My next stop after Elsthorpe Reserve was Blackhead Beach.
This beach has a nice fine light brown sand. It is not very shelly nor much in the way of crystals like Coromandel sand [on the Whitianga side]
The tide is out so the groundwater seeps out of the sand to get to the sea leaving the sand moist and reflective like a mirror. Past the sand is an area of flat rock. It is easy to walk on as it is quite flat and even.
I couldn't resist a foto of the clouds reflected in the sand.
This could be the mountains of Australia. .. completely bare of vegetation.
I loved rock pools as a young child, because they were so alive. Can you see the fish in this pool. I believe there are at least four.
One, the smaller is a snail, the other is a crab.
Three tufts of seaweed on a rock. Two scuttled around, the other was rooted to the spot. Hermit crabs!!
The sea is full of life, the land hardly alive.
A black-backed gull. Large and noisy.
No mention of Blackhead Beach. There has been a smidgeon of rain as I arrived. The telltale is the underside of the sign. Dew drops? Rain?
The marine reserves are well understood and are by and large respected. They are also well policed by locals.
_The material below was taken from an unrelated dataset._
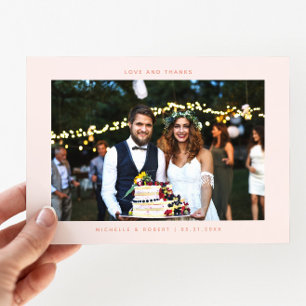 Liebe und Dank Simple Wedding Foto Peach Dankeskarte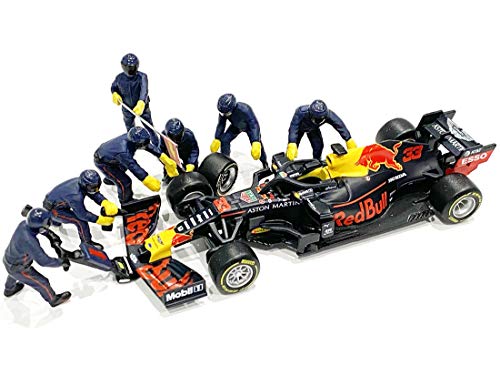 Set de 7 Figuras American Diorama Equipo Azul Fórmula Uno miniatura 3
No European beach would have such a notice. For us it is in earnest.
This is Porangahau Beach. It is almost twenty kilometres long. Very wide and flat, with a few dangerous currents or "rips" as they are known here.
The hinterland here is flat. We do "love" our pine trees!!
The sea is very quiet today. A couple of children are have fun at the waters edge. They shouldn't be allowed to swim without adult supervision because of the "rips".
Although it is a long beach, all the beach houses are just up here. Although it is one of the nicest beaches in Hawkes Bay, it makes me long for the beaches of the Coromandel.